TOML Cannabis Working Group

Based on the responses received at the cannabis workshop in August 2017, staff assembled a cannabis working group to discuss the Town’s cannabis regulatory framework and provide recommendations on the cannabis regulations. The input received from the working group was used to develop the draft cannabis regulations. The cannabis working group was comprised of: Town Planning, Finance, and Police Department staff; Fire and Water District staff; Members of the Town Council and Planning and Economic Development Commission; and Mono County staff from Planning, Finance, and the Administrators office. Below is a summary of the items discussed at the working group meetings:

Taxes
The working group discussed various tax scenarios and timing and the recommendation from the group was to retain a consultant who specializes in the development of cannabis tax ballot measures. Mono County staff indicated they had entered into a contract with Hdl to provide assistance with their tax measure. Based on the County’s use of Hdl and the Town’s previous use of Hdl for sales tax reporting, the Town has entered into a contract with Hdl. 

Peer Resort Comparison
At the first working group meeting in September 2017, it was suggested to look at what peer resort communities in Colorado had done with regards to legalization of cannabis and provide a summary of issues they had encountered. Staff analyzed seven resort communities in Colorado and were able to draw relevant conclusions from each community about the successes and/or failures of various ways of regulating cannabis businesses. The comparison report was presented at the working group meeting in November 2017 (Report available HERE).

Buffers
Based on the conclusions drawn from the Peer Resort Comparison, the working group provided feedback that it was logical to use a land use approach to determine where cannabis retailers could be located. Based on that feedback, staff proposed using buffers from sensitive land uses and minimum distance requirements between cannabis retailers to regulate the locations. The alternative to this approach would be to select an arbitrary number of retailers that would be permitted within the Town. At the December 2017 working group meeting, a series of maps were presented to the group showing the areas that could be available for a cannabis retailer based on various buffer scenarios. The recommendation from the working group was to use the State required 600-foot buffer from schools (K-12), day care centers, and youth centers and require a minimum separation of at least 500-feet between cannabis retail businesses and add a 600-foot buffer from parks for cannabis retail businesses. For other commercial cannabis uses (i.e., manufacturing, testing, distribution, and cultivation), the recommendation was to only use the State required buffers from schools (K-12), day care centers, and youth centers since these uses will only be permitted in the Industrial zone and will not be open to the public. Maps of the preferred buffer zones are available at the following links:

Proposed Cannabis Retailer Locations
Proposed Industrial Buffers for Cannabis Businesses

Industrial Zone Uses
Staff presented information on various quasi-industrial cannabis activities, such as cultivation, manufacturing, distribution, and testing to the working group and discussed the various issues associated with each use. Staff indicated that at a recent workshop staff had attended, the presenters provided the following impact summary of the various commercial cannabis uses:

  1. The impacts of manufacturing, distribution, and testing are relatively benign and that the use should be treated the same as any other industrial use. Specific operating standards related to security measures, fire protection requirements, and product handling will minimize impacts for the surrounding area.
  2. The impacts of cultivation are unique and are related to odor and plant theft. By allowing indoor cultivation only, the risk of plant theft can be minimized through the implementation of adequate security measures and odor issues can be minimize by requiring specialized air filtering and ventilation.
  3. The impacts of retailers are the most evident and are mostly related to loitering and public use of products.

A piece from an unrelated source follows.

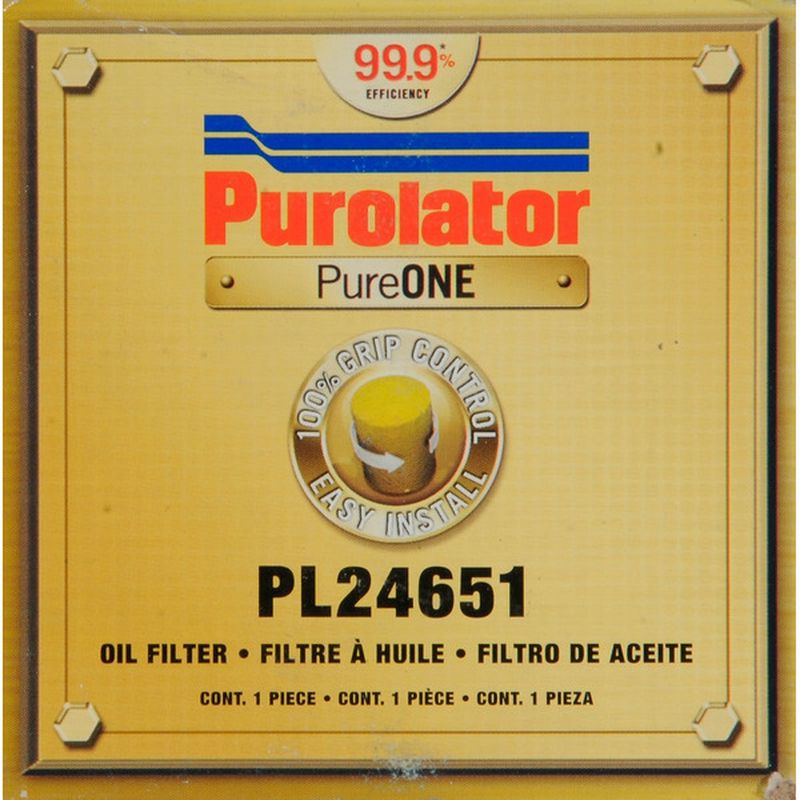 Purolator Pure One Pl24651 Oil Filter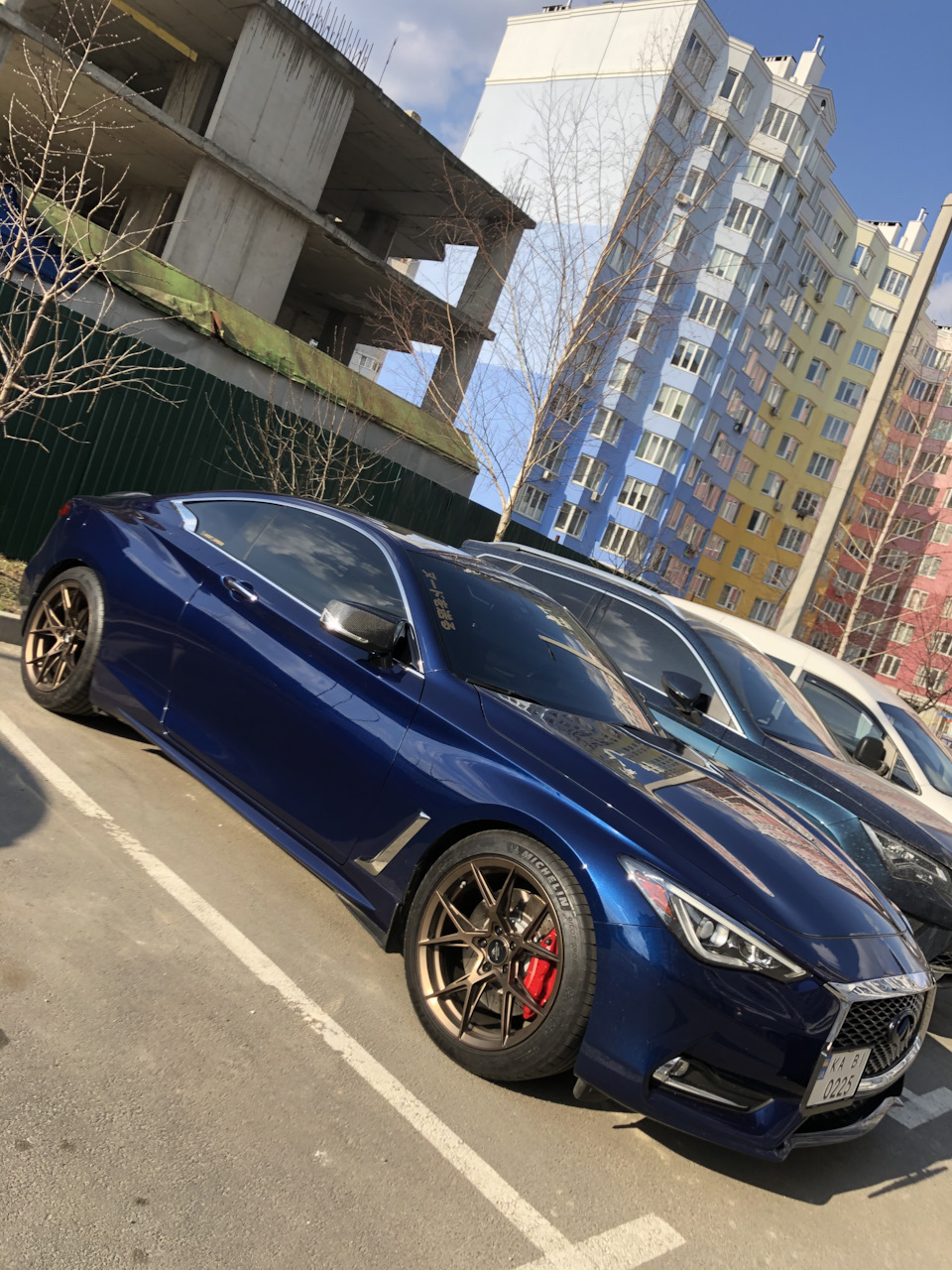 CATBACK MBRP + HKS пайпи, перешивши керма, нові диски 1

The following summarizes the recommendations of the working group for the Industrial zone:

  1. Cannabis retailers should not be permitted in the Industrial zone since the use is not consistent with the intended purpose of the Industrial zone and the lack of visibility and traffic during the evening hours, which could lead to an increase in crime.
  2. Based on the increased fire danger and the numerous unknowns associated with volatile extraction, manufacturing that utilize volatile solvents (i.e., butane, hexane, propane) for extraction should not be allowed.
  3. There is no definitive data to support a need to place a limitation on the number of commercial cannabis businesses in the Industrial zone. The recommendation of the group was to monitor the number of inquiries or applications that are received for cannabis businesses in the Industrial zone and if the need arises due to a lack of available space for other industrial uses, implement a cap on the number of cannabis businesses allowed in the Industrial zone.
  4. With regards to operating and development standards, the group recommended looking at the standards adopted in other cities and in the State regulations.

Personal Cultivation
Under the AUMA, adults 21 years of age or older are allowed to possess and use up to 28.5 grams of marijuana and up to 8 grams of concentrated cannabis, and to possess up to six (6) living cannabis plants and the cannabis produced by those plants. The AUMA allows cities to prohibit outdoor growing of cannabis and to enforce reasonable regulations to regulate the indoor growing of cannabis.

The recommendations of the working group was to prohibit outdoor grows and for indoor grows, review the regulations other agencies have adopted.